Housing benefit rules for young people
A young person's age will affect their housing benefit claim.
What is housing benefit?
Housing benefit is a benefit paid by local councils to help people on low incomes or benefits pay their rent. Housing benefit does not cover all housing costs – service charges and other costs are usually not included.
If young people are in work, the amount of housing benefit they receive varies according to their income – as income rises, housing benefit reduces. If a young person has an income above a certain level, they will not receive any housing benefit.
Young people who claim benefits such as income support, income-related jobseeker's allowance or income-related employment and support allowance will receive the maximum amount of housing benefit for their circumstances.
If a young person rents in the private rented sector, the maximum amount of housing benefit they can receive is usually also limited by local housing allowance rules - for more information, see the DWP information on housing benefit and local housing allowance.
Why does a young person's age matter?
Housing benefit rules limit the maximum amount of benefit that can be paid to help with the rent.

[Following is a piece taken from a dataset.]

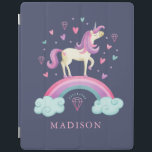 Cute Unicorn Rainbow iPad Cover<br><div class="desc">Een schattige eenhoorn met hartjes en een regenboog versieren deze iPad-hoes. Personaliseer het met haar naam. Een leuk cadeau voor een meisje. Ontworpen voor u door Blackberry Boulevard.</div>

Age is used as one way of deciding what the maximum rate should be.
The shared accommodation rate
If a claimant is aged under 35 and rents from a private landlord, the maximum housing benefit they can receive is the same as the rate they would get for renting a single room in a shared house. This rule is known as the shared accommodation rate and applies to people who make new claims for housing benefit and to those whose claims began after April 2008.
Care leavers are exempt from the shared accommodation rate until they turn 22 (see below.)

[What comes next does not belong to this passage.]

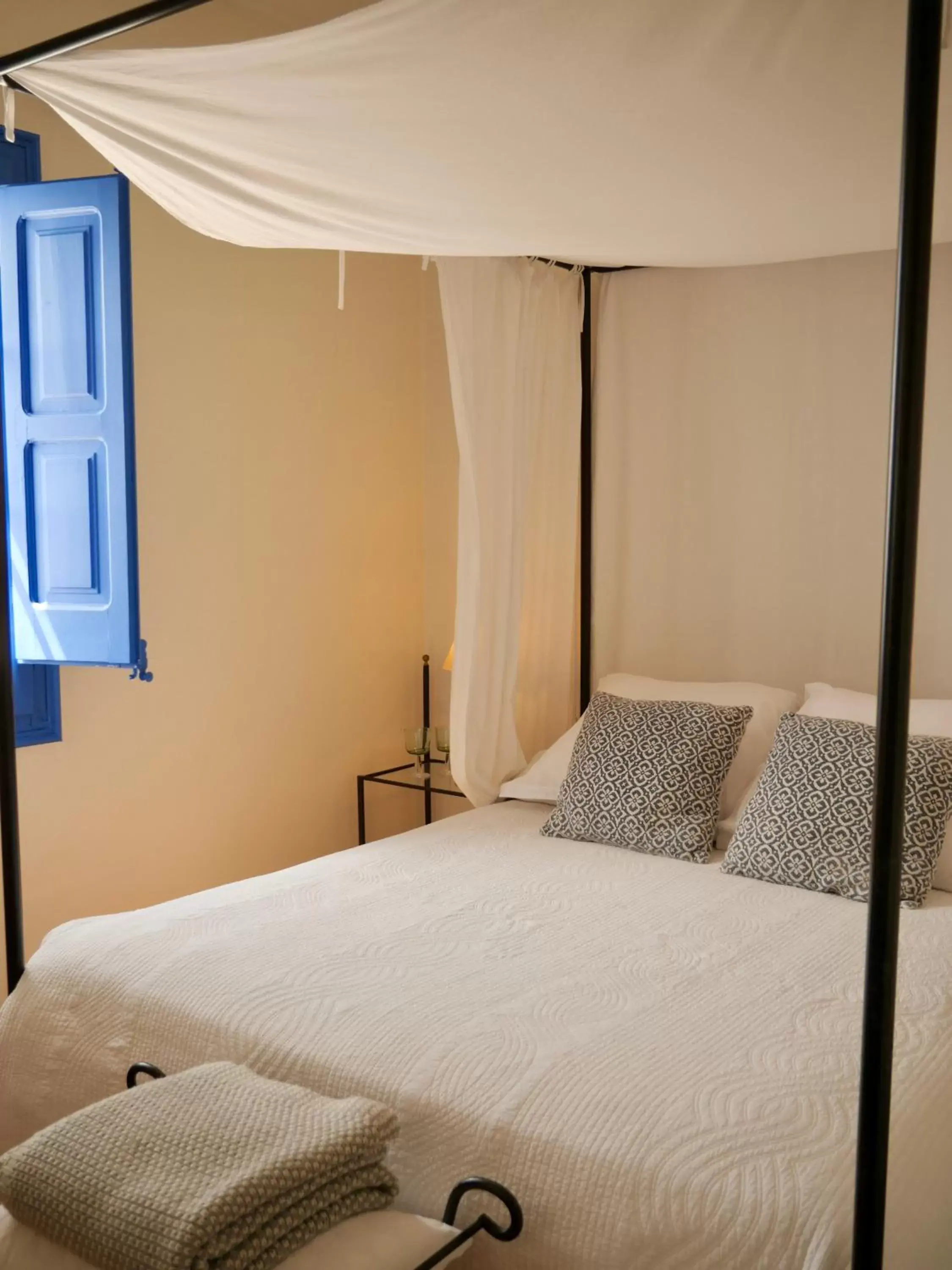 Bed in Hostal de la Plaça - Hotel Boutique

Young disabled people are usually also exempt (see below).
Young people can find out what limit applies in their area (or another area) using the LHA calculator.
Young people who are parents
Parents who have children living with them are allowed to claim housing benefit or local housing allowance for a self-contained private rented home. They will not be restricted to the shared accommodation rate.

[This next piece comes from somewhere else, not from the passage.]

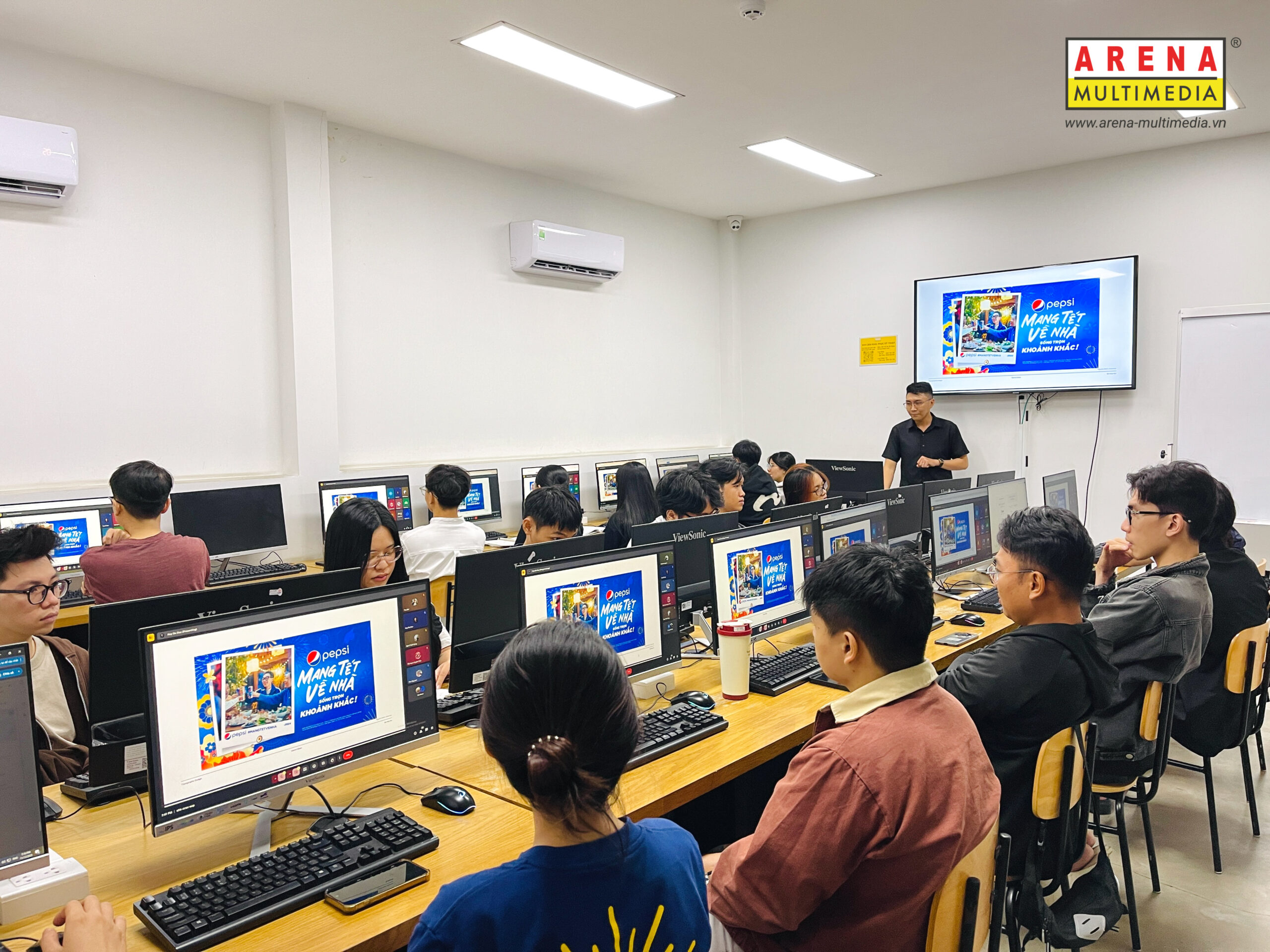 Giải mã nghệ thuật kể chuyện qua con chữ - Hành trình 3 buổi khám phá Typography cùng thầy Huy Đỗ tại Demo Class 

However, young people who rent from their local council or a housing association may have their housing benefit reduced if they have more rooms than their local council says they need - for more information, see Shelter's pages on the bedroom tax.
Young people living with partner
Couples can claim local housing allowance for a self-contained one-bedroom private rented property. If a young person lives with their partner in shared accommodation, they will only be entitled to the shared accommodation rate.&
Young care leavers
If a young person has recently left care and is not yet 18 years old, they probably will not be able to claim housing benefit, as they should still be entitled to assistance from children's services. The shared accommodation rate for a private rented place does not apply to care leavers until their 22nd birthday.
For more information, see the section on care leavers.
Young people who are severely disabled
Young severely disabled people will not be restricted to the shared accommodation rate for housing benefit if they are under the age of 25, claiming the middle or high rate of disability care allowance or can otherwise prove that they need overnight care.
Advising young people whose housing benefit is not sufficient.
Advisers for young people may wish to consider advising their clients to apply for a discretionary housing payment - this will not be a long-term solution, and not all applicants are successful in receiving it, but it may help in the short-term.